La scène témoignait d’un lien fort entre les générations, les plus jeunes découvrant le sens du service et les sacrifices de la Deuxième Guerre auprès de personnes qui l’ont vécue.

« La liberté d’expression, la liberté d’association et toutes les autres libertés ne sont pas gratuites », a rappelé l’adjudant-maître Rick Cartmel, du régiment The Black Watch. « Nous payons le prix de nos libertés en envoyant de jeunes hommes et femmes à la guerre. Personne ne déteste plus la guerre que les soldats, mais certaines choses valent la peine de se battre. N’oublions jamais leurs sacrifices. »

 

Un hommage solennel, un message intemporel

Salwa Karboune, doyenne de la Faculté des sciences de l’agriculture et de l’environnement, s’adresse à l’assemblée.Neale McDevitt

La cérémonie de cette année a marqué les 80 ans de la fin de la Seconde Guerre mondiale le 8 mai 1945, en Europe, et le 15 août, dans le Pacifique. Cet anniversaire nous rappelle le poids de l’histoire et l’importance d’en transmettre les leçons aux jeunes générations.
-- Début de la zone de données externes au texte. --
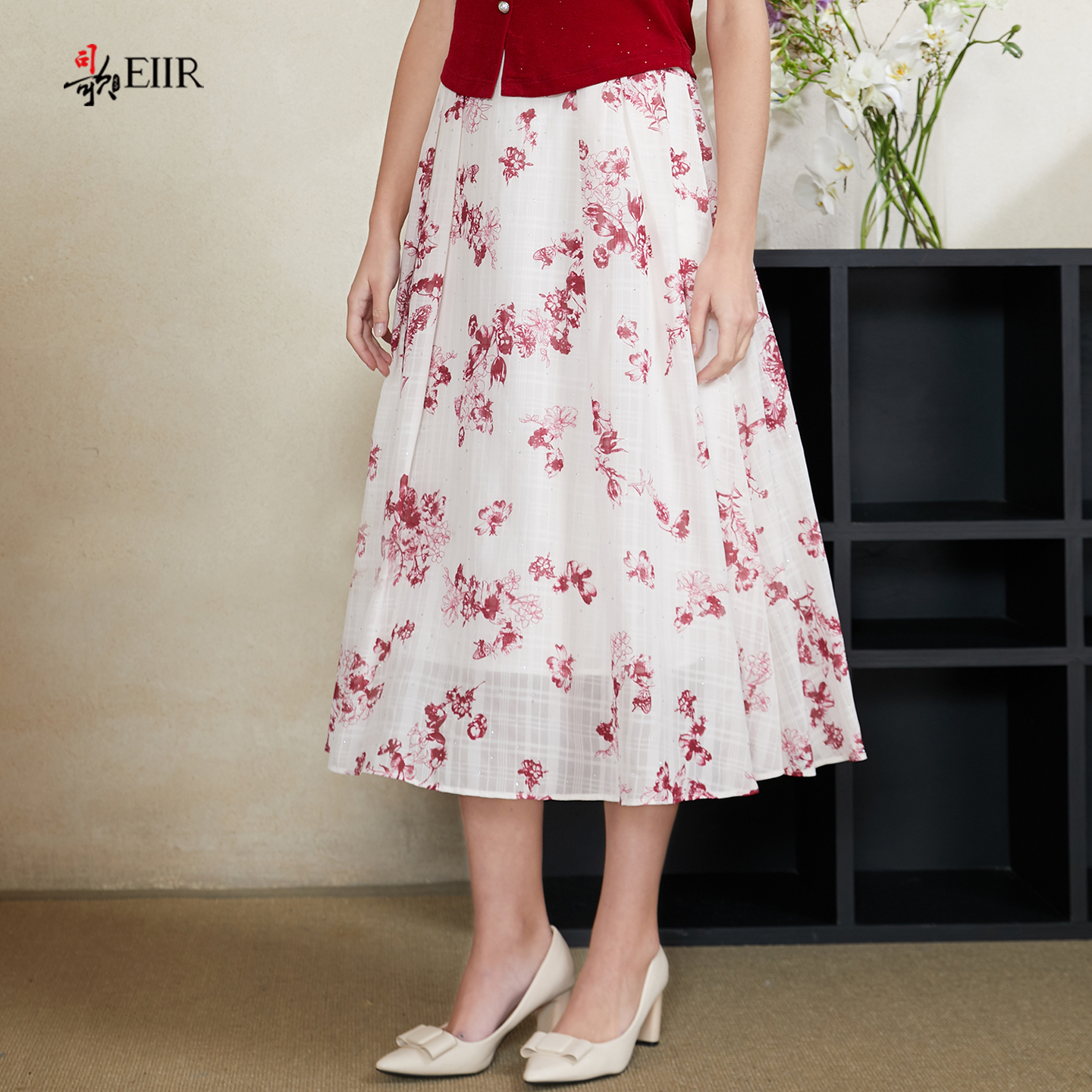 司歌提花雪纺碎花伞裙半裙C911094X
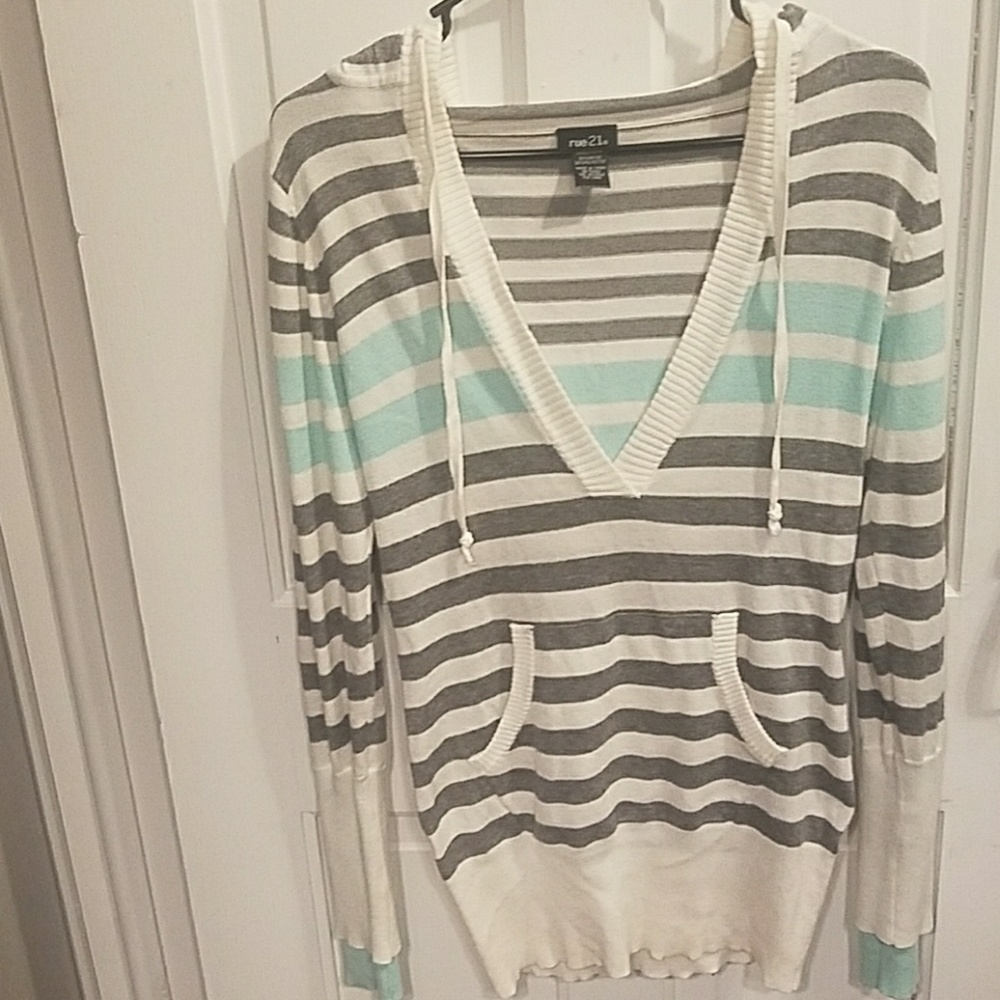 Striped long sleeve with hood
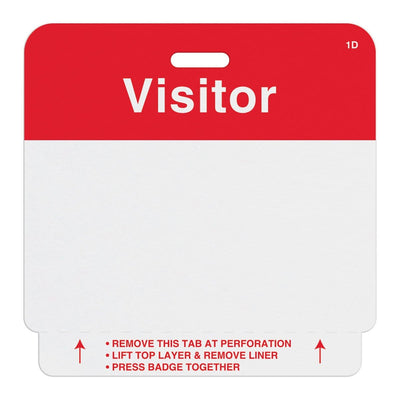 TEMPbadge T2014 ONEstep Self-Expiring Visitor Badge, Clip-On, Box of 500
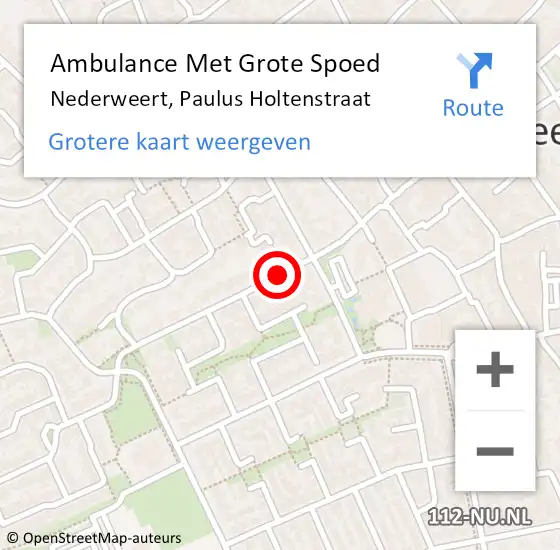 Locatie op kaart van de 112 melding: Ambulance Met Grote Spoed Naar Nederweert, Paulus Holtenstraat op 28 september 2017 09:25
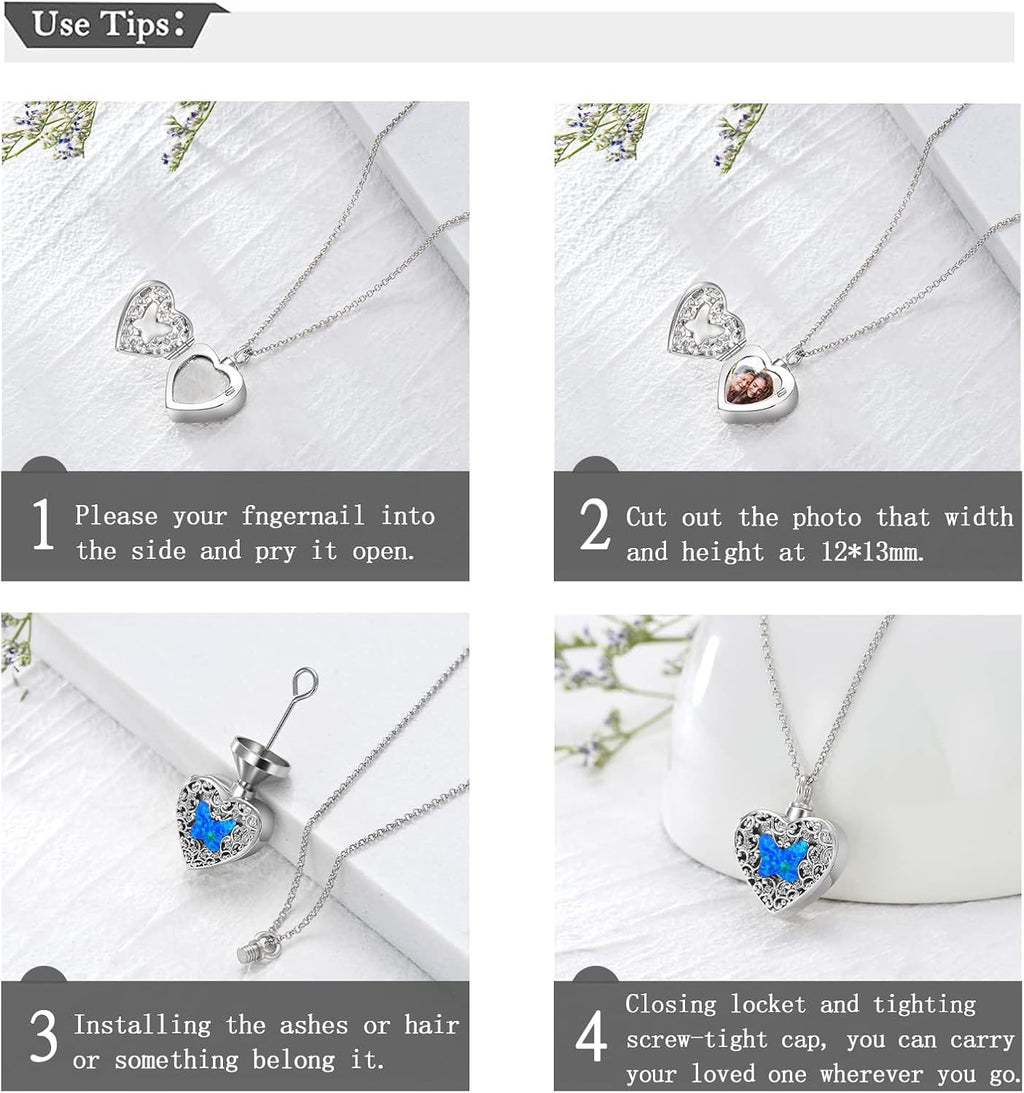 Dorunmo Personalized Heart Urn Locket Necklace for Ashes and Pictures 925 Sterling Silver Customized Locket Memorial Keepsake Cremation Jewelry for Ashes for Women Men Keep Someone Near to You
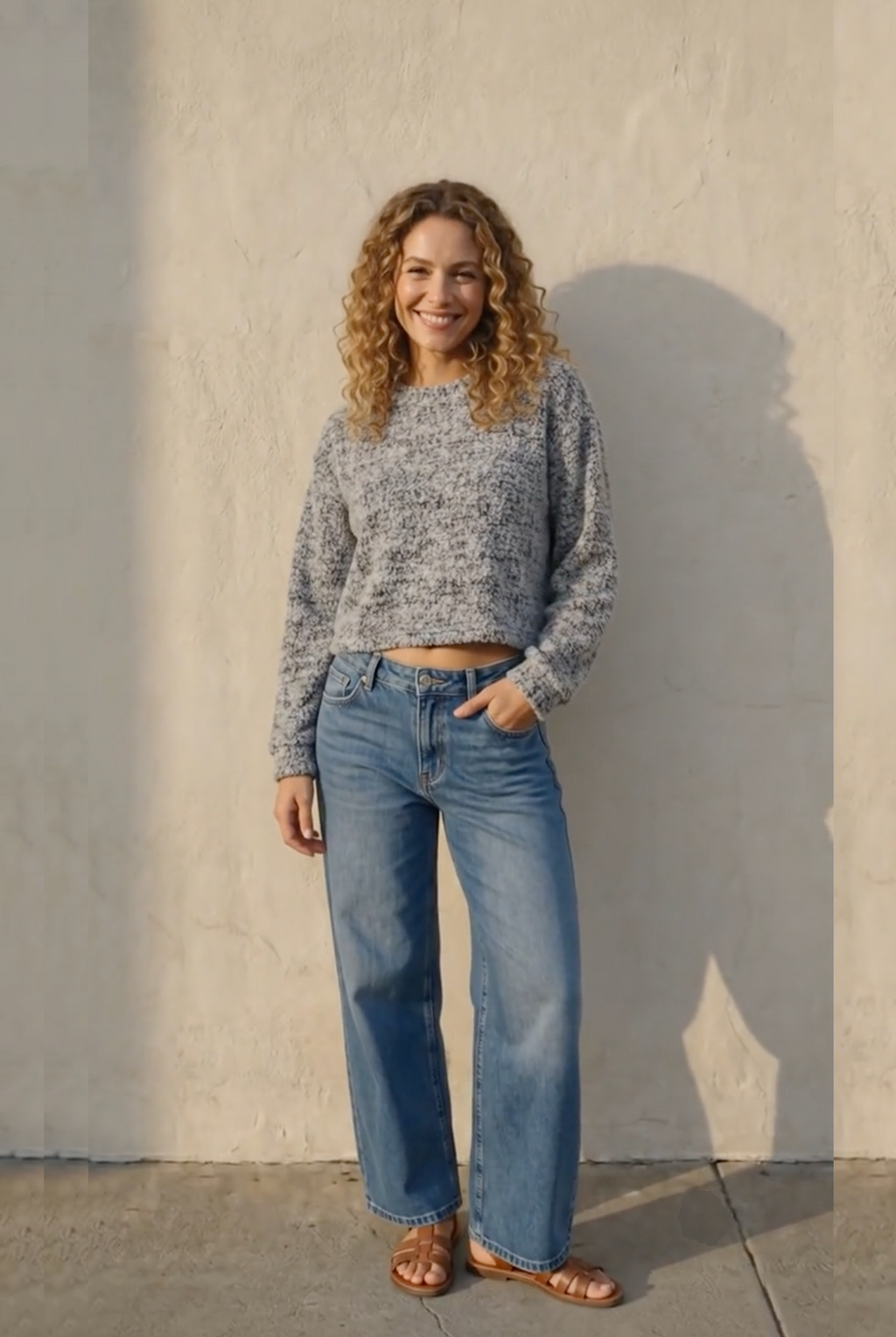 The Retro Salt & Pepper Cropped Knit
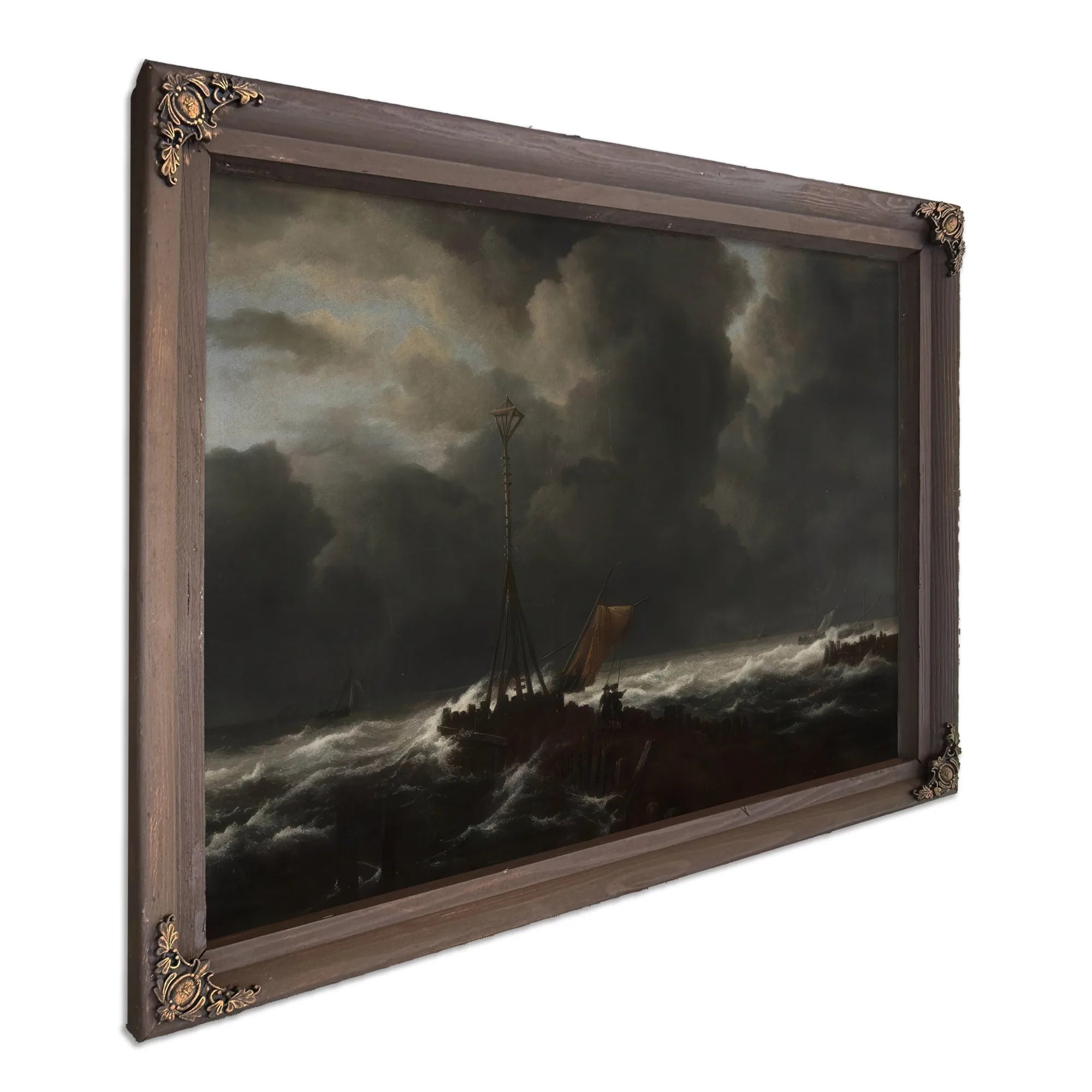 Rough Sea At A Jetty By Jacob Van Ruisdael Fine Art Print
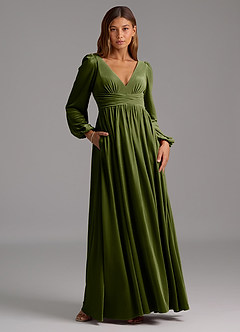 Azazie Norah Bridesmaid Dresses Olive A-Line Long Sleeve Velvet Dress image5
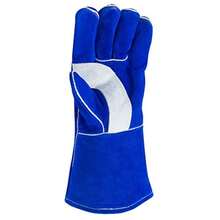 2 pares de guantes de soldadura de piel forrados para mano izquierda tamaño grande Wells Lamont 1054LN-LHOWelding Gloves - AzulPatchwork - Ver 2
« Nous sommes réunis ici aujourd’hui pour honorer celles et ceux qui ont porté l’uniforme pour défendre notre pays, et rendre hommage à celles et ceux qui le servent encore », a déclaré Salwa Karboune, doyenne de la Faculté des sciences de l’agriculture et de l’environnement de l’Université McGill. « Nous nous souvenons de ceux qui ont été blessés dans l’exercice de leurs fonctions. Certaines blessures sont visibles, d’autres non. Nombre de vétérans vivent avec les deux. Leur loyauté et le prix qu’ils ont payé nous rappellent la valeur de la paix, de la liberté et de la démocratie. La paix ne peut jamais être tenue pour acquise; elle doit être protégée et réaffirmée chaque jour par la compréhension, le dialogue et la solidarité. »

Salwa Karboune a exhorté toutes les personnes présentes, et particulièrement les étudiantes et étudiants, à cultiver le Souvenir au-delà de la commémoration annuelle.

« Perpétuons l’héritage des anciens combattants par nos actions, nos paroles et notre engagement à bâtir un monde plus pacifique et plus juste pour les générations futures », a-t-elle déclaré.

Après la Dernière sonnerie, les anciens combattants ont effectué un salut militaire en hommage à leurs camarades tombés au combat. Le silence, solennel, ne laissait entendre que le claquement des drapeaux flottant au vent.

 

Macdonald et le service militaire : une histoire qui perdure

Si la cérémonie était tournée vers l’avenir, le cadre rappelait la longue tradition militaire du campus Macdonald. En 1914, lorsqu’a éclaté la Première Guerre mondiale, le Macdonald College ne comptait que 450 étudiants. Plus de 350 sont enrôlés. Trente-quatre ne sont jamais revenus. Pendant la Seconde Guerre mondiale, 525 membres de la communauté du campus, dont plus de 100 femmes, ont répondu à l’appel. Quarante-deux ont été tués.

Pour clore la cérémonie, des soldats du régiment des Grenadier Guards ont mené une procession jusqu’au monument commémoratif situé devant le Pavillon Raymond, où une couronne a été déposée. Sous le vent d’automne, anciens combattants, étudiants et membres de la communauté ont silencieusement planté de petits drapeaux unifoliés autour du monument.

Ce moment incarnait le sens de cette journée commémorative : le respect, la réflexion et l’importance d’honorer celles et ceux qui ont servi.